The lira touched another all-time low against sterling yesterday, having halved in value over the last five years. It was already weighed down by political concerns and the recent exodus from commodity-related and emerging-market currencies has worsened its situation. Tuesday's loss amounted to -1.4%. Among the major currencies only the Norwegian krone and the Australian dollar came close, falling by -1.1%.

New Zealand's dollar was unable to build on the previous day's gains. Investors had been optimistic that the Global Dairy Trade index would show a fortnightly increase in milk prices for the first time since March and indeed it did, with a 14.8% rise. But the Kiwi's subsequent one-cent rally was not enough to offset the day's earlier losses and it ended up with a cent-and-three-quarter deficit on the day.

Sterling leads again
For the second day this week sterling starts at the head of the field. It strengthened by an average of 0.6% yesterday against the other dozen most actively-traded currencies. It was the UK inflation data that did the trick.

The consensus among economists had been that Britain's consumer price index would be unchanged in July from the same month last year, leaving inflation at 0.0% for a second successive month. The actual number turned out to be 0.1%, sending investors into paroxysms of rapture. Their dramatic reaction was something of a surprise, given that the inflation figure was still miles away from its 2% target.
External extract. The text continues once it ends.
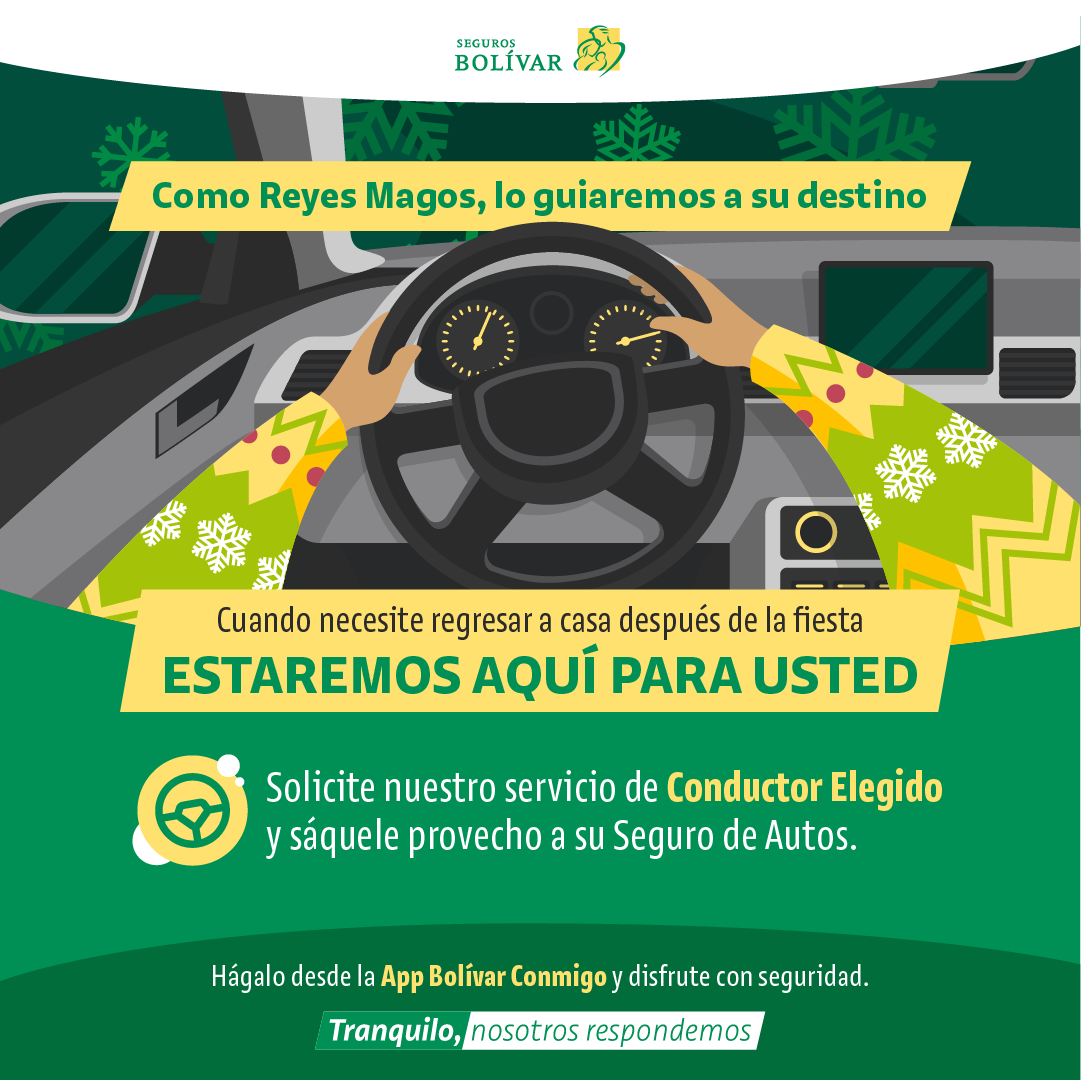 6051-Transv-campana-temporada-intemediarios-Navidad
But dramatic it was, with the pound strengthening instantly by nearly a cent against the euro and the US dollar. Sterling has faded somewhat overnight but it is still carrying daily gains of nearly a cent against the US dollar and the euro. Over the last month only the euro has performed better, adding a cent and a half.

Dollar in the spotlight
Sterling will probably be taking the day off today in the absence of any UK data. The focus will switch to the US dollar with the American inflation figures coming out after lunch and the Federal Open Market Committee minutes due to be published this evening.

Analysts predict that US inflation will have ticked up from 0.1% to 0.2% in July with the core rate, which ignores the price of food and fuel, steady at 1.8%. At those levels or higher, the numbers should reassure investors that the Fed could still deliver a rate increase before Christmas.

Whether or not the FOMC minutes will deliver similar reassurance is a different question. If investors are hoping for hints from the committee of a September rate hike they are likely to be disappointed. And if they are disappointed the dollar could well come under pressure.